**DATASET RECORDS**
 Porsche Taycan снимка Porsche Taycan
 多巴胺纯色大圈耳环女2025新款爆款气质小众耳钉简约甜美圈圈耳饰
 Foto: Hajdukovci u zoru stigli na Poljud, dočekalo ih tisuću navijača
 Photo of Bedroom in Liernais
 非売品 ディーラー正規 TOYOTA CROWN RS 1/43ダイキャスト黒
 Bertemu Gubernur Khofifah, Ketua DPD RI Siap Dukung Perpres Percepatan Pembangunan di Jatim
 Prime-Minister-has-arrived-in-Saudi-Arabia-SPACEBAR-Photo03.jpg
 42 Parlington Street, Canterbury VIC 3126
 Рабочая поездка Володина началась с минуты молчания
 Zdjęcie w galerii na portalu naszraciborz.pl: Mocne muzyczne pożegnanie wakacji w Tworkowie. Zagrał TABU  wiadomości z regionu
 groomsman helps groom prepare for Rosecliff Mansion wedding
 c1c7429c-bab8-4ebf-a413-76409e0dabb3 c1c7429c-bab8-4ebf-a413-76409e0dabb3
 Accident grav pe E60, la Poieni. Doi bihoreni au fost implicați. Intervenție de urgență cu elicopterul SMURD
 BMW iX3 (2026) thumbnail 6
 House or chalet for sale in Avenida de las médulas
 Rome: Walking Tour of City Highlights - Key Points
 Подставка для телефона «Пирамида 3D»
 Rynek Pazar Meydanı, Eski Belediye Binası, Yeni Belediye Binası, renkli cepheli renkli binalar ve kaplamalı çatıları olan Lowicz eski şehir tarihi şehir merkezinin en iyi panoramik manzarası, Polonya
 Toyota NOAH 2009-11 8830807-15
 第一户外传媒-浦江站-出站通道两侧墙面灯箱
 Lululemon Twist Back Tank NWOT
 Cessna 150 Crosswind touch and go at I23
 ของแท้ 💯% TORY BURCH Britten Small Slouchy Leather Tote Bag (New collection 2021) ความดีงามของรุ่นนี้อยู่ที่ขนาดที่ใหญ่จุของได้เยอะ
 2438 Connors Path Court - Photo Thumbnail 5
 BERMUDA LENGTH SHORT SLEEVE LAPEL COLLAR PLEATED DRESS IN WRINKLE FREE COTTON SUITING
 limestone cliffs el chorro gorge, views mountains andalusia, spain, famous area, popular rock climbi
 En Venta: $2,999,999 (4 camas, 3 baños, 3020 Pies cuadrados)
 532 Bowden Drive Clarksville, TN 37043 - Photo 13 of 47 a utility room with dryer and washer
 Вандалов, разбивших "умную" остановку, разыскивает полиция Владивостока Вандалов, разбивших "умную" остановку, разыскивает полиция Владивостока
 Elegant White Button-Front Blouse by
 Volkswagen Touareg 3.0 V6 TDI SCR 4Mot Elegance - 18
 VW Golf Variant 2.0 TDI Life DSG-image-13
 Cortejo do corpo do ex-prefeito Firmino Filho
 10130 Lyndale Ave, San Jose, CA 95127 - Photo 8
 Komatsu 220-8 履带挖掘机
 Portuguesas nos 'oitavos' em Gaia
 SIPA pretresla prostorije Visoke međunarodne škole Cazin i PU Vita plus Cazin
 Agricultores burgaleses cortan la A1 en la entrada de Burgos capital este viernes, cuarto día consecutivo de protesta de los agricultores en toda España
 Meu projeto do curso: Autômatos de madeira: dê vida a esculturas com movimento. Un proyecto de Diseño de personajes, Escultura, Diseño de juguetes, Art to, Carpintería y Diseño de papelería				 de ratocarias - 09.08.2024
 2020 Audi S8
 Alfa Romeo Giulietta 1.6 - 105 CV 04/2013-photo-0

**WORK INSTRUCTIONS**
In the records above, find the line with "Foto: Hajdukovci u"; write out exactly that line and each one after it, stopping after the line with "Cortejo do corpo".

**WRITTEN RESPONSE**
 Foto: Hajdukovci u zoru stigli na Poljud, dočekalo ih tisuću navijača
 Photo of Bedroom in Liernais
 非売品 ディーラー正規 TOYOTA CROWN RS 1/43ダイキャスト黒
 Bertemu Gubernur Khofifah, Ketua DPD RI Siap Dukung Perpres Percepatan Pembangunan di Jatim
 Prime-Minister-has-arrived-in-Saudi-Arabia-SPACEBAR-Photo03.jpg
 42 Parlington Street, Canterbury VIC 3126
 Рабочая поездка Володина началась с минуты молчания
 Zdjęcie w galerii na portalu naszraciborz.pl: Mocne muzyczne pożegnanie wakacji w Tworkowie. Zagrał TABU  wiadomości z regionu
 groomsman helps groom prepare for Rosecliff Mansion wedding
 c1c7429c-bab8-4ebf-a413-76409e0dabb3 c1c7429c-bab8-4ebf-a413-76409e0dabb3
 Accident grav pe E60, la Poieni. Doi bihoreni au fost implicați. Intervenție de urgență cu elicopterul SMURD
 BMW iX3 (2026) thumbnail 6
 House or chalet for sale in Avenida de las médulas
 Rome: Walking Tour of City Highlights - Key Points
 Подставка для телефона «Пирамида 3D»
 Rynek Pazar Meydanı, Eski Belediye Binası, Yeni Belediye Binası, renkli cepheli renkli binalar ve kaplamalı çatıları olan Lowicz eski şehir tarihi şehir merkezinin en iyi panoramik manzarası, Polonya
 Toyota NOAH 2009-11 8830807-15
 第一户外传媒-浦江站-出站通道两侧墙面灯箱
 Lululemon Twist Back Tank NWOT
 Cessna 150 Crosswind touch and go at I23
 ของแท้ 💯% TORY BURCH Britten Small Slouchy Leather Tote Bag (New collection 2021) ความดีงามของรุ่นนี้อยู่ที่ขนาดที่ใหญ่จุของได้เยอะ
 2438 Connors Path Court - Photo Thumbnail 5
 BERMUDA LENGTH SHORT SLEEVE LAPEL COLLAR PLEATED DRESS IN WRINKLE FREE COTTON SUITING
 limestone cliffs el chorro gorge, views mountains andalusia, spain, famous area, popular rock climbi
 En Venta: $2,999,999 (4 camas, 3 baños, 3020 Pies cuadrados)
 532 Bowden Drive Clarksville, TN 37043 - Photo 13 of 47 a utility room with dryer and washer
 Вандалов, разбивших "умную" остановку, разыскивает полиция Владивостока Вандалов, разбивших "умную" остановку, разыскивает полиция Владивостока
 Elegant White Button-Front Blouse by
 Volkswagen Touareg 3.0 V6 TDI SCR 4Mot Elegance - 18
 VW Golf Variant 2.0 TDI Life DSG-image-13
 Cortejo do corpo do ex-prefeito Firmino Filho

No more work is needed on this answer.